One serious disadvantage of this type
of instrument is its lack of ruggedness. Continuous use and the inevitable
shock loading that will occur from time to time both cause
damage to the knife edges, leading to
problems in measurement accuracy and resolution. A further problem in
industrial use is the relatively long time needed to make each measurement. For
these reasons, the beam balance is normally reserved as a calibration standard
and is not used in day-to-day production environments.
Weigh beam
The weigh beam, sketched in two
alternative forms in Figure 18.6, operates on similar principles to the beam
balance but is much more rugged. In the first form, standard masses are added
to balance the unknown mass and fine adjustment is provided by a known mass
that is moved along a notched, graduated bar until the pointer is brought to
the null, balance point. The alternative form has two or more graduated bars
(three bars shown in Figure 18.6). Each bar carries a different standard mass
and these are moved to appropriate positions on the notched bar to balance the
unknown mass. Versions of these instruments are used to measure masses up to 50
tonnes.
Pendulum scale
The pendulum scale, sketched in
Figure 18.7, is another instrument that works on the mass-balance principle.
The unknown mass is put on a platform that is attached by steel tapes to a pair
of cams. Downward motion of the platform, and hence rotation of the cams, under
the influence of the gravitational force on the mass, is opposed by the
gravitational force acting on two pendulum type masses attached to the cams.
The amount of rotation of the cams when the equilibrium position is reached is
determined by the deflection of a pointer against a scale. The shape of the
cams is such that this output deflection is linearly proportional to the
applied mass.
This instrument is particularly useful
in some applications because it is a relatively simple matter to replace the
pointer and scale system by a rotational displacement transducer that gives an
electrical output. Various versions of the instrument can measure masses in the
range between 1 kg and 500 tonnes, with a typical measurement inaccuracy of ±0.1%.

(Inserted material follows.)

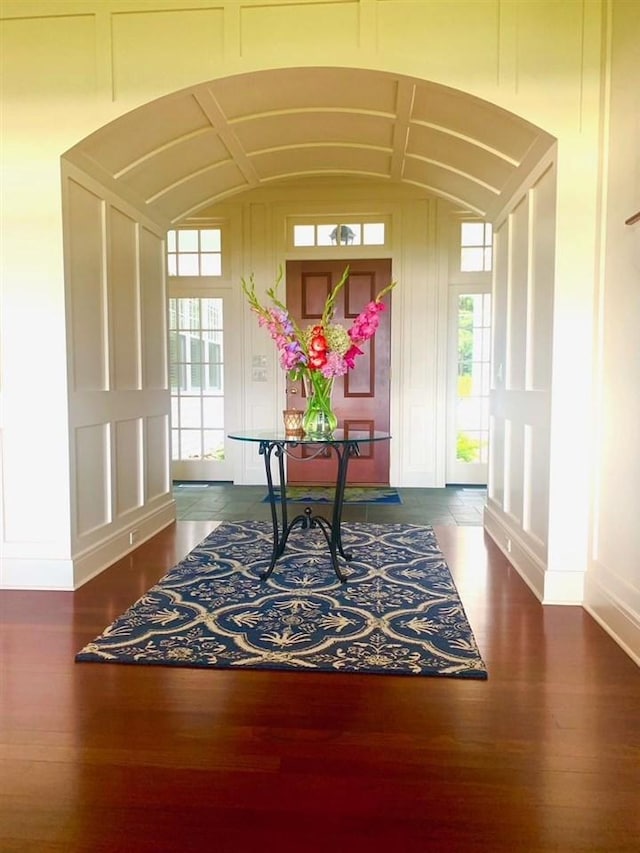 interior space with dark hardwood / wood-style floors and a wealth of natural light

One potential source of difficulty
with the instrument is oscillation of the weigh platform when the mass is
applied. Where necessary, in instruments measuring larger masses, dashpots are
incorporated into the cam system to damp out such oscillations. A further
possible problem can arise, mainly when measuring large masses, if the mass is
not placed centrally on the platform. This can be avoided by designing a second
platform to hold the mass, which is hung from the first platform by knife
edges. This lessens the criticality of mass placement.
Electromagnetic balance
The electromagnetic balance uses the
torque developed by a current-carrying coil suspended in a permanent magnetic
field to balance the unknown mass against the known gravitational force
produced on a standard mass, as shown in Figure 18.8. A light source and
detector system is used to determine the null balance point. The voltage output
from the light detector is amplified and applied to the coil, thus creating a
servosystem where the deflection of the coil in equilibrium is proportional to
the applied force. Its advantages over beam balances, weigh beams and pendulum
scales include its smaller size, its insensitivity to environmental changes
(modifying inputs) and its electrical form of output.
18.1.5 Spring balance
Spring balances provide a method of
mass measurement that is both simple and cheap. The mass is hung on the end of
a spring and the deflection of the spring due to the downwards gravitational
force on the mass is measured against a scale. Because the characteristics of
the spring are very susceptible to environmental changes, measurement accuracy
is usually relatively poor. However, if compensation is made for the changes in
spring characteristics, then a measurement inaccuracy less than ±0.2% is
achievable. According to the design of the instrument, masses between 0.5 kg
and 10 tonnes can be measured.
18.2 Force measurement
If a force of magnitude, F, is applied
to a body of mass, M, the body will accelerate at a rate, A, according to the
equation:
F = MA
The standard unit of force is the
Newton, this being the force that will produce an acceleration of one metre per
second squared in the direction of the force when it is applied to a mass of
one kilogram. One way of measuring an unknown force is therefore to measure the
acceleration when it is applied to a body of known mass. An alternative
technique is to measure the variation in the resonant frequency of a vibrating
wire as it is tensioned by an applied force.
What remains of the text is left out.